Harter Tobak ist das. Auch für einen wie Blunt, der eigentlich einstecken kann, weil er das Kämpfen quasi in die Wiege gelegt bekam: Der Engländer entstammt einer Familie mit großer Militärtradition und robbte vor seiner Musikkarriere selber im Tarnanzug durchs Gelände. Blunt lernte an der Royal Military Academy, wurde Offizier, war im Kosovo im Einsatz, wo er einen seiner weiteren Hits, "No Bravery", schrieb, und diente der britischen Armee jahrelang als Captain. 2002 quittierte er den Dienst und widmete sich mit Hilfe der Produzentin und Songschreiberin Linda Perry (P!nk, Christina Aguilera) dem Komponieren.

Dieser Kollaboration entsprang neben "Back To Bedlam" mit "All The Lost Souls" (2007) ein zweites überaus erfolgreiches Album. Nun steht mit "Some Kind Of Trouble" Tonträger Nummer drei in den Regalen. Und auch wenn Blunt im Vorfeld vollmundig ankündigte, eine neue, wildere Seite präsentieren zu wollen, wird die Branchen-Häme sicherlich nicht abnehmen.

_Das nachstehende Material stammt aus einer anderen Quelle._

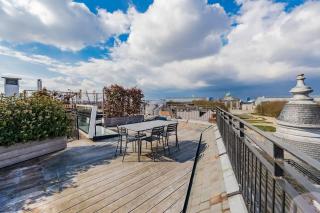 Luxury Penthouse with Panoramic Views 3BR - 8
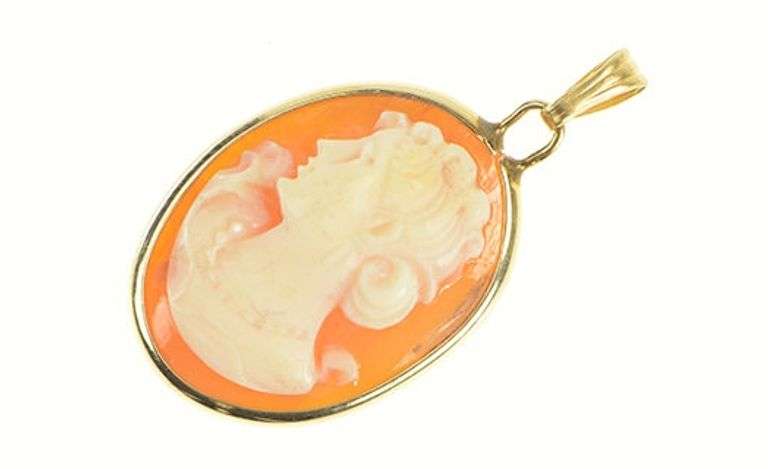 14K Yellow Gold Oval Carved Shell Cameo Vintage Classic Pendant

Im Gegenteil: Geändert hat sich eigentlich nichts, ganz zu schweigen davon, dass eine neue Wildheit erkennbar wäre. Blunts zittrige Falsett-Stimme bettelt "Stay The Night!". Sie fordert das imaginäre weibliche Gegenüber heraus: "So Baby, come over from the end of your sofa!" (Baby, komm aus Deiner Ecke des Sofas raus). Und beschwört: "If time is all I have, I’d waste it all on you" (Wenn Zeit alles wäre, was ich besitze, würde ich sie ganz an Dich verschwenden). Passend zu dieser plätschernden Seichtigkeit trägt Blunt jetzt auch Seitenscheitel statt Zottelfrisur.

Branchenkollegen werden also weiter wettern, die Fachpresse wird weiter maulen. Aber Millionen Menschen werden sich denken: Irgendwie hat Blunt doch recht. Irgendwie spricht er Wahrheiten aus. Irgendwie zeigt er uns in dieser tristen Zeit der Kriege, Hungersnöte und Umweltdesaster die schöne Seite des Lebens. Nicht zu vergessen: die Liebe.

Und insofern wird der ehemalige Soldat Blunt einmal mehr zwar eine ganze Menge Häme vor den Kopf gedonnert bekommen. Aber kämpfen muss er deswegen nicht. Die ungewogene bis missgünstige Hälfte der Menschheit kann ihm ganz einfach egal sein.